1 - Tokenize the text with `SENTENCE(input)`  
Outer array - each sentence  
Inner array - each word in each sentence

2 - Find n-grams with `NGRAMS(array, number of words per ngram, threshold for result)`  
Output is a struct with 2 attributes - ngram, estfrequency  
Can also use `context_ngrams` if we want certain combos

# Extending Hive (JSON, Custom Scripts, and UDFs)

### JSON

Use jsonserde when each line of the document is a JSON object 

Supports arrays and maps, nested structures  
Have to load JSON with a special Serde

---

### json file with 3 "topics"

Create a table and load in as 1 field  
`create table raw
(json string)
row format delimited;`

For each table:  
`insert into users
select * from raw
get_json_object(...)` 

Could also use **hadoop streaming** with python scripts to extract users, reviews, businesses.  
This would be 3 separate mapreduce jobs.

---

### Querying json fields (non json tables)

#### Dictionary example 
Can use the "value" as a list of strings and use `get_json_object` to parse field.  
This is different than a complex field.  
`input` should be a string with a JSON format. 


$: root object  
`[ ]`: subscript operator for array  
`.` : child operator

`get_json_object(input,` $`.parent.child[index])`

---

### Use external script to transform data

`*` = fields to transform  
`hive> ADD FILE myscript.py;
hive> SELECT TRANSFORM(*) USING 'myscript.py' FROM employees;`

**Example with only 2 fields**  
`hive> SELECT TRANSFORM(product_name, price)
USING 'tax_calculator.py'
AS (item_name STRING, tax INT)
FROM products;`

---

### User defined functions

1. Standard udf - normal function, single row input, single row output
2. user defined aggregate functions - (sum, max, etc)
3. user defined table functions (explode, etc)

**To use a java udf**  
1. Copy function's jar into hdfs  
`hadoop fs -put url-decode-udf.jar /myscripts/` 

2. Register the function  
`CREATE FUNCTION url_decode
AS 'com.example.hive.udf.URLDecode'
USING JAR '/myscripts/url-decode-udf.jar';`

3. Use the function  
`select url_decode(your_url);`

# Lab 10 (Sept 30) - Text Analytics with Hive

[Lab](https://pages.github.umn.edu/deliu/bigdata19/05-Hive3/lab10-text.html)  
[Solution](https://pages.github.umn.edu/deliu/bigdata19/05-Hive3/lab10-text-solution.html)

---

### RUNNING NGRAMS QUERY 

**Trigrams, Top 5**  
`SELECT EXPLODE(NGRAMS(SENTENCES(LOWER(message)), 3, 5))
AS bigrams
FROM ratings
WHERE prod_id = 1274673;`

---


### Investigating after query

**Pattern identified from trigrams**  
`SELECT message
FROM ratings
WHERE prod_id = 1274673
AND message LIKE '%ten times more%'
LIMIT 3;`

**"Red was a word that popped up.
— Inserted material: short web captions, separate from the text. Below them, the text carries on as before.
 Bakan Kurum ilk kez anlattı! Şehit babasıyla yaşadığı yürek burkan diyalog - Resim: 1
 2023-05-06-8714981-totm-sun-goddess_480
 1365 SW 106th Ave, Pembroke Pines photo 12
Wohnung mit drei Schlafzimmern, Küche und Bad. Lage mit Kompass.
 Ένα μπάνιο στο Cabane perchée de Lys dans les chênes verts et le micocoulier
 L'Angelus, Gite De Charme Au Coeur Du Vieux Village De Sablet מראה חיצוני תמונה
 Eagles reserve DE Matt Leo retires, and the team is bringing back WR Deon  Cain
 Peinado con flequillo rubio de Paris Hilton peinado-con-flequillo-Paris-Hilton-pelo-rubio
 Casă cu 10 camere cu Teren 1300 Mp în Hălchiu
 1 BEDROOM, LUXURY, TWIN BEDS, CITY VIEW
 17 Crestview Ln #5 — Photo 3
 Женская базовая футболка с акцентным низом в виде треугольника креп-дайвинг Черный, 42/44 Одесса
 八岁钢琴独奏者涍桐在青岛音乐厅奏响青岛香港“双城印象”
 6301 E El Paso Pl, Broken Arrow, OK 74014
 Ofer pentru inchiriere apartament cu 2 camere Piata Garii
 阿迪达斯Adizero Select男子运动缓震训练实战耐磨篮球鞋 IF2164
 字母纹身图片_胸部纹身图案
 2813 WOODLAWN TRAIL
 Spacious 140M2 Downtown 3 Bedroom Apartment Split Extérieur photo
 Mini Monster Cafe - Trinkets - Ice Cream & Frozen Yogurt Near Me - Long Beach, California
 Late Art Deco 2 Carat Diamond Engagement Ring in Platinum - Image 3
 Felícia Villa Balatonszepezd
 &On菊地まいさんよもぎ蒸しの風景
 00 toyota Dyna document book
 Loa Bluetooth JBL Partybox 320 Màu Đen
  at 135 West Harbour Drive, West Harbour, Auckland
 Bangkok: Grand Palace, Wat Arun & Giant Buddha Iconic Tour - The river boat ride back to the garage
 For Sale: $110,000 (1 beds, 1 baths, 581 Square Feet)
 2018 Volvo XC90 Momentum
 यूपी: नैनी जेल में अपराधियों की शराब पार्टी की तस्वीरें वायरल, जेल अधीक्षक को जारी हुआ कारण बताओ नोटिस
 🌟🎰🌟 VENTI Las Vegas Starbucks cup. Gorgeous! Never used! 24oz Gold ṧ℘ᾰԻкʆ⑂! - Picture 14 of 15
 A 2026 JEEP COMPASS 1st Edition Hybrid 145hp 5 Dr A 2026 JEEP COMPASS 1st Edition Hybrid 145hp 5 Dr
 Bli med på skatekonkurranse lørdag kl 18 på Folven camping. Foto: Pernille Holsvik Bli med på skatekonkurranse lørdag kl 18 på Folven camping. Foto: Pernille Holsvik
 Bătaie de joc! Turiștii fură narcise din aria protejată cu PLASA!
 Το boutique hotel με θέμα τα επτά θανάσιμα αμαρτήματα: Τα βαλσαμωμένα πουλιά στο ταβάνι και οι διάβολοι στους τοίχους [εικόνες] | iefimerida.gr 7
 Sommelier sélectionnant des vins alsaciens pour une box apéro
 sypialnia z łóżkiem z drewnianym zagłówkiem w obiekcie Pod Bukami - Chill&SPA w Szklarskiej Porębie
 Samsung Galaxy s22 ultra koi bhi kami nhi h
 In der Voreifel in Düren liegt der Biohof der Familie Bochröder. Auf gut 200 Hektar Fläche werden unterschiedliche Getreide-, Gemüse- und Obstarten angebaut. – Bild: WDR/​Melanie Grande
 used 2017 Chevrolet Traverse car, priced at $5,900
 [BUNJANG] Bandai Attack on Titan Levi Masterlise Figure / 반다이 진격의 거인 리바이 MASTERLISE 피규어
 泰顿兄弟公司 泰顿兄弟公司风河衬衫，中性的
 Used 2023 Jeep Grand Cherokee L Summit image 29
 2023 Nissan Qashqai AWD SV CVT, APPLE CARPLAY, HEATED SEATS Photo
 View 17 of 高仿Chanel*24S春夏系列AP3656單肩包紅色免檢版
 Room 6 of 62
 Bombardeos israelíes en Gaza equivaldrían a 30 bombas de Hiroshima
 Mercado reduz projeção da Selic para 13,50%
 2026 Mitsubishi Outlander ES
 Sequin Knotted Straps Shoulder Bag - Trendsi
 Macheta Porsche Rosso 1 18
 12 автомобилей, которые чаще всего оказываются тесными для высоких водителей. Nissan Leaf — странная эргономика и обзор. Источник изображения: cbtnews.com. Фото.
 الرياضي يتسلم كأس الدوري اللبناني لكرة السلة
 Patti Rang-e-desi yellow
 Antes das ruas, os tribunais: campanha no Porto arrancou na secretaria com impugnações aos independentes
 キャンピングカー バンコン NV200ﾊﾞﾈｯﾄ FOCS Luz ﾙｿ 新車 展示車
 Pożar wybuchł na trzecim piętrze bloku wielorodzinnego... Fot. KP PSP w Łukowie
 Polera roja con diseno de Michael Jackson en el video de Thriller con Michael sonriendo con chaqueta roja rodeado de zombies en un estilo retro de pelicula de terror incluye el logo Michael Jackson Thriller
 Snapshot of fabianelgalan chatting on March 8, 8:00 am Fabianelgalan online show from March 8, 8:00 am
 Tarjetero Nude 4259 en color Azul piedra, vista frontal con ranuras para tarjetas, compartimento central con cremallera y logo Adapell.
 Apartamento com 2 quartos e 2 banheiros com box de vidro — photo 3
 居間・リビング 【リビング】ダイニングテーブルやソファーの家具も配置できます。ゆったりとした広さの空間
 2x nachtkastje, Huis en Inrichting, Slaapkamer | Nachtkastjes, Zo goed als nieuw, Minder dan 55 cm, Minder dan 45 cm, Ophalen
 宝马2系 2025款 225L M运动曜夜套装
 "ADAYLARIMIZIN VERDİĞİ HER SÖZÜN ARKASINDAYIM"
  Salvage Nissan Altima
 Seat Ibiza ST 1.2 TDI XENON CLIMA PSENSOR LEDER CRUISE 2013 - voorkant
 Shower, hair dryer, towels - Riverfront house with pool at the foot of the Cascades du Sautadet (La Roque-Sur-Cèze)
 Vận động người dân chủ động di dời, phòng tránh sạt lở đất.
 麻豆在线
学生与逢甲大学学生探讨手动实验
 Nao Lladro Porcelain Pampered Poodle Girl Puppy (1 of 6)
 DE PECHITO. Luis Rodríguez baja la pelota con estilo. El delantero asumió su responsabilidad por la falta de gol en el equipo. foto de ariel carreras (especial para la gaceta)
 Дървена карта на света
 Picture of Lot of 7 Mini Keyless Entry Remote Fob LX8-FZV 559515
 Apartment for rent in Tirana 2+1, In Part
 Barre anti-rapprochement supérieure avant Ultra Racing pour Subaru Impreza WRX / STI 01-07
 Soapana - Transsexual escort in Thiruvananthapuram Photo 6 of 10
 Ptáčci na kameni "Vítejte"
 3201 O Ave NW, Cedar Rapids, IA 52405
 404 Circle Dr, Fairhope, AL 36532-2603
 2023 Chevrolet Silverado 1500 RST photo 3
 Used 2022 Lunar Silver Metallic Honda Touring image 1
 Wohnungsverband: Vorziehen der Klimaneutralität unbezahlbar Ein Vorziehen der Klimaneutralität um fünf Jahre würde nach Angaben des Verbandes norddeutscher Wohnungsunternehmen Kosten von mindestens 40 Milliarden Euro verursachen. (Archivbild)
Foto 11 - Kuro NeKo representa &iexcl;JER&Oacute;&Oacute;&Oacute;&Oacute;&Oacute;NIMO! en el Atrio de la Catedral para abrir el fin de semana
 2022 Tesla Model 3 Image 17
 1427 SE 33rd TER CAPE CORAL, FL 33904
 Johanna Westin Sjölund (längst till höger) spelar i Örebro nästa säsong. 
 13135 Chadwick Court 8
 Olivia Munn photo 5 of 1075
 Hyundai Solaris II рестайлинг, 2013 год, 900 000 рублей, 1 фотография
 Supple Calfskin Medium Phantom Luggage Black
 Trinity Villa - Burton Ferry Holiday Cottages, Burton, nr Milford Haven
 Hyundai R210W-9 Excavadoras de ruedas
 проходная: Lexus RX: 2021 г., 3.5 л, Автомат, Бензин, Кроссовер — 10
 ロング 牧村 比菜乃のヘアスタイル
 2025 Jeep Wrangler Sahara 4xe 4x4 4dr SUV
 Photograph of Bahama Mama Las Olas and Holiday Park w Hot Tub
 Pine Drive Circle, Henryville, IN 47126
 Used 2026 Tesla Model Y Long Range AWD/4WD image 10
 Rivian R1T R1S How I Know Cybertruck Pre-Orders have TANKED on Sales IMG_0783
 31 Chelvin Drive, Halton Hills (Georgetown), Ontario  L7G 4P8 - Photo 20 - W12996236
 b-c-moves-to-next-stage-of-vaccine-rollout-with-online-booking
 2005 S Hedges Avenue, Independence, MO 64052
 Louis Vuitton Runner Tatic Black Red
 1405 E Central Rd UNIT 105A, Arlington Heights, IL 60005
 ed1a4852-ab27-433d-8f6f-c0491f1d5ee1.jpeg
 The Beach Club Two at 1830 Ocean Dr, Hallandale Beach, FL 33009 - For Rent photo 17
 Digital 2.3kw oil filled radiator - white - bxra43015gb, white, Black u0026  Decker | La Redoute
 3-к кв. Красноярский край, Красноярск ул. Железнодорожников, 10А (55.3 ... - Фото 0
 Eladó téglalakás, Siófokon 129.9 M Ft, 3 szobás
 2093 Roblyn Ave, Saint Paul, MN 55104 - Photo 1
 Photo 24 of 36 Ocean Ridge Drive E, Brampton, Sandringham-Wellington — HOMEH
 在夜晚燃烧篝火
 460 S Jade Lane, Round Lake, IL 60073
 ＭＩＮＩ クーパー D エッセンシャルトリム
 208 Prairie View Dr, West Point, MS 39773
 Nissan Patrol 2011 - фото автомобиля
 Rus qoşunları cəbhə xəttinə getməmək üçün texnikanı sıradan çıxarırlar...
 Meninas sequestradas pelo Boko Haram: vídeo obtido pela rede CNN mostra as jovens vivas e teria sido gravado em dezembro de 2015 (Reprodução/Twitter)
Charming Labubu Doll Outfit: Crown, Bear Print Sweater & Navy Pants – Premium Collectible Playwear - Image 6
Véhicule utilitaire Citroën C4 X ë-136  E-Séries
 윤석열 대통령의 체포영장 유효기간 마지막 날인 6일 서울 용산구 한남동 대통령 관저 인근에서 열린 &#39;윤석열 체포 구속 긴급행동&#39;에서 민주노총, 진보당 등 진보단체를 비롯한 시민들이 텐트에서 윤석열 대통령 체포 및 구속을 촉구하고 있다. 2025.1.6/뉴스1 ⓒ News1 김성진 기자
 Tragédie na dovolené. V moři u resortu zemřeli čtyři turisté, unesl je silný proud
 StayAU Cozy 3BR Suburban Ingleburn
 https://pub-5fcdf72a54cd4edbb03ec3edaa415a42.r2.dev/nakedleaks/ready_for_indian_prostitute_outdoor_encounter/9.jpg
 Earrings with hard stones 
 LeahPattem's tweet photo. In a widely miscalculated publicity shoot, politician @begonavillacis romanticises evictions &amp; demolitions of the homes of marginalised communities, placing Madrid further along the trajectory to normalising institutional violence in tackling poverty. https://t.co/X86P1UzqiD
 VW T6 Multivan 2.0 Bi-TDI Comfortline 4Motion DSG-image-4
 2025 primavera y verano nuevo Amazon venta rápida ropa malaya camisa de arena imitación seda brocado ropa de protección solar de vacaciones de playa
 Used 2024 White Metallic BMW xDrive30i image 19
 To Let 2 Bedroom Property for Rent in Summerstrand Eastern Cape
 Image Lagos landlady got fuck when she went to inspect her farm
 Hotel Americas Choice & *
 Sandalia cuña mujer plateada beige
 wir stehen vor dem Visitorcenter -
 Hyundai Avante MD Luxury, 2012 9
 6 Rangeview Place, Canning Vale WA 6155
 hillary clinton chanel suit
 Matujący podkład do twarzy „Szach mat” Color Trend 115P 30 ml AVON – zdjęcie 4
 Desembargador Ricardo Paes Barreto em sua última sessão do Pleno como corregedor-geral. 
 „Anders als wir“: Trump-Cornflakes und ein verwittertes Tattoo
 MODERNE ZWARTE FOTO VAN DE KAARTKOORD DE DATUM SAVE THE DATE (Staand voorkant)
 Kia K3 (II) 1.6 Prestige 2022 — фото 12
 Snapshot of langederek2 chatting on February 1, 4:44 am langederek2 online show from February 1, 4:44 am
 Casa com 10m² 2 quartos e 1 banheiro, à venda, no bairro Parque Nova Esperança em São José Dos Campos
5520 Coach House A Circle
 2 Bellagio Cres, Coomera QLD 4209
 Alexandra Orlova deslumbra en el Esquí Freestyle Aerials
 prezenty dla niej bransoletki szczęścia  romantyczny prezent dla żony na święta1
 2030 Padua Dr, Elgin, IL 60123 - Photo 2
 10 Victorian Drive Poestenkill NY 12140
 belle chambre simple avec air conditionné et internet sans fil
Why?**  
**All messages that have "red"**  
`SELECT message
FROM ratings
WHERE prod_id = 1274673
AND message LIKE '%red%'
LIMIT 3;`

---

**There must be a pricing error.**  
**Check in the products table**  
`SELECT *
FROM products
WHERE prod_id = 1274673;`

**Compare red product vs same product of diff colors**  
`SELECT *
FROM products
WHERE name LIKE '%16 GB USB Flash Drive%'
AND brand='Orion';`

# Lab 11 (Oct 2) - Log Data


[Lab](https://pages.github.umn.edu/deliu/bigdata19/05-Hive3/lab11-weblog.html)  
[Solution](https://pages.github.umn.edu/deliu/bigdata19/05-Hive3/lab11-weblog-solution.html)

---

Directory for exercise  
`cd ADIR/exercises/transform`

See how Hive would set up the table - helps us set types and Serde  
create_web_logs.hql is a script that already exists  
`beeline -u jdbc:hive2:// -f create_web_logs.hql`

### Step 1 - Local --> HDFS

Make directory in hdfs  
`hadoop fs -mkdir /dualcore/web_logs`

Take file from exercises folder into hdfs (dualcore folder)  
`hadoop fs -put ADIR/data/access.log /dualcore/web_logs`

Supposed to run this command to make sure everything worked correctly  
`SELECT term, COUNT(term) AS num FROM
     (SELECT LOWER(REGEXP_EXTRACT(request,
        '/search\\?phrase=(\\S+)', 1)) AS term
        FROM web_logs
        WHERE request REGEXP '/search\\?phrase=') terms
   GROUP BY term
   ORDER BY num DESC
   LIMIT 3;`


---

### Step 2 - Identify steps in process

There are 4 steps. We want to count how many people made it to each step.  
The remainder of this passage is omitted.